The system typically serves many customers through shared infrastructure. Context isolation between sessions must prevent one customer's data from leaking into another's context. The knowledge base is a shared resource: anyone who can write to the corpus can influence how the agent handles all customer interactions when those documents are retrieved.
Interaction effects
- Agent loop + transactional tools + prompt injection: Unlike RAG-only systems where compromise affects text output, a successful prompt injection here can trigger real-world actions - processing fraudulent refunds, modifying accounts, or exfiltrating customer data through tool calls. The blast radius extends from text quality to financial and operational consequences.

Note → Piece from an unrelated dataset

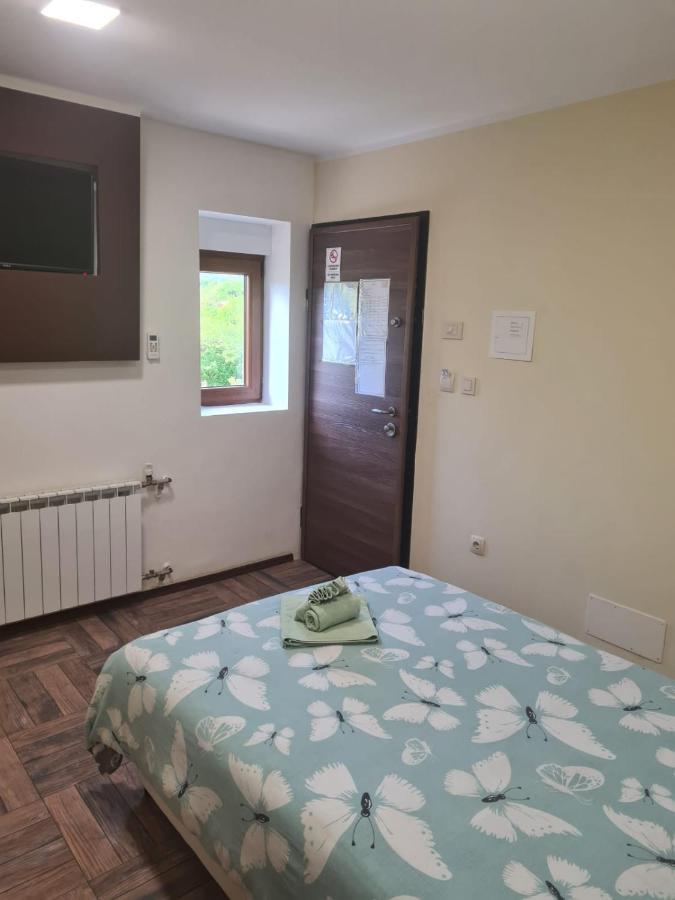 Slatki Snovi II Hotel Knin Bagian luar foto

- Agentic RAG + tools + policy enforcement: The agent retrieves policy documents and uses them to make authorization decisions (e.g., refund eligibility, discount limits). If the knowledge base contains incorrect or manipulated policy content, the agent may authorize actions beyond intended limits - a context poisoning vector with direct financial impact.
- Customer data in context + multi-turn accumulation: Customer PII enters context from CRM lookups and conversation, accumulating across turns. Each tool result adds more sensitive data (order details, payment information, account history). A successful prompt injection late in a conversation has access to all previously loaded PII, amplifying the data exfiltration risk.

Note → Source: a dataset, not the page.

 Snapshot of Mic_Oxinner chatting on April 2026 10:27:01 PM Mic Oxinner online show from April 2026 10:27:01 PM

- Human escalation + agent confidence: The model decides when to escalate to human agents. Goal manipulation or prompt injection can suppress escalation, keeping the conversation under attacker influence when it should have been routed to a human. Conversely, misaligned model behaviors like sycophancy can lead the agent to grant unauthorized concessions rather than escalating.

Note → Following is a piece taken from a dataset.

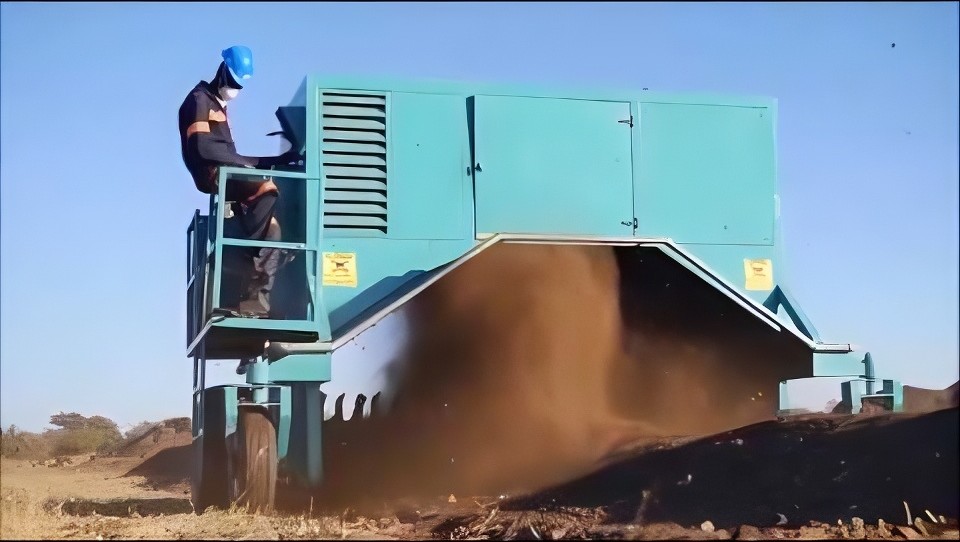 Organic fertilizer production equipment at work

- Multi-tenant + shared knowledge base: Multiple customers interact with the same system and knowledge base. Insufficient session isolation creates cross-tenant data leakage risk, while the shared corpus creates a single context poisoning surface that affects all customers when manipulated documents are retrieved.
Threats
| Threat | Relevance | Note |
|---|---|---|
| Prompt injection | Primary | Customer messages, knowledge base docs, and CRM data can direct transactional tools |
| Context poisoning | Primary | Poisoned knowledge base documents have direct financial impact through tool-mediated actions |
| Tool misuse | Primary | Wrong refund amounts, wrong account modifications; real financial consequences |
| Data exfiltration | Elevated | Customer PII accumulates across turns from CRM lookups and conversation |
| Cross-tenant / cross-session data leakage | Elevated | Multi-tenant shared infrastructure; customer data isolation failures |
| Goal manipulation | Elevated | Suppressing escalation, redirecting toward unauthorized refunds or account changes |
| Tool output poisoning | Elevated | Corrupted CRM or backend data hijacks subsequent reasoning |
| Misaligned model behaviors | Elevated | Sycophancy leads to unauthorized concessions; skipping verification before transactions |
| Hallucination exploitation | Elevated | Incorrect policy interpretations cause inappropriate transactional actions |
| Guardrail bypass | Elevated | Circumventing action authorization, PII filters; multi-turn jailbreaking |
| Denial of service | Elevated | Tool-call loops exhaust backend resources or inflate inference costs |
| System prompt extraction | Standard | Revealing tool schemas or internal policy rules |
| User manipulation | Standard | Customer trust in retrieval-grounded responses |
| Training data poisoning | Standard | Baseline risk, no architecture-specific amplifier |
Examples
- An e-commerce support agent that looks up orders, processes returns and refunds, and retrieves from a help center knowledge base.
- A banking support agent that checks account balances, initiates disputes, and answers policy questions from internal documentation.
- A telecom support agent that modifies plans, troubleshoots service issues using diagnostic tools, and escalates to human agents for complex billing disputes.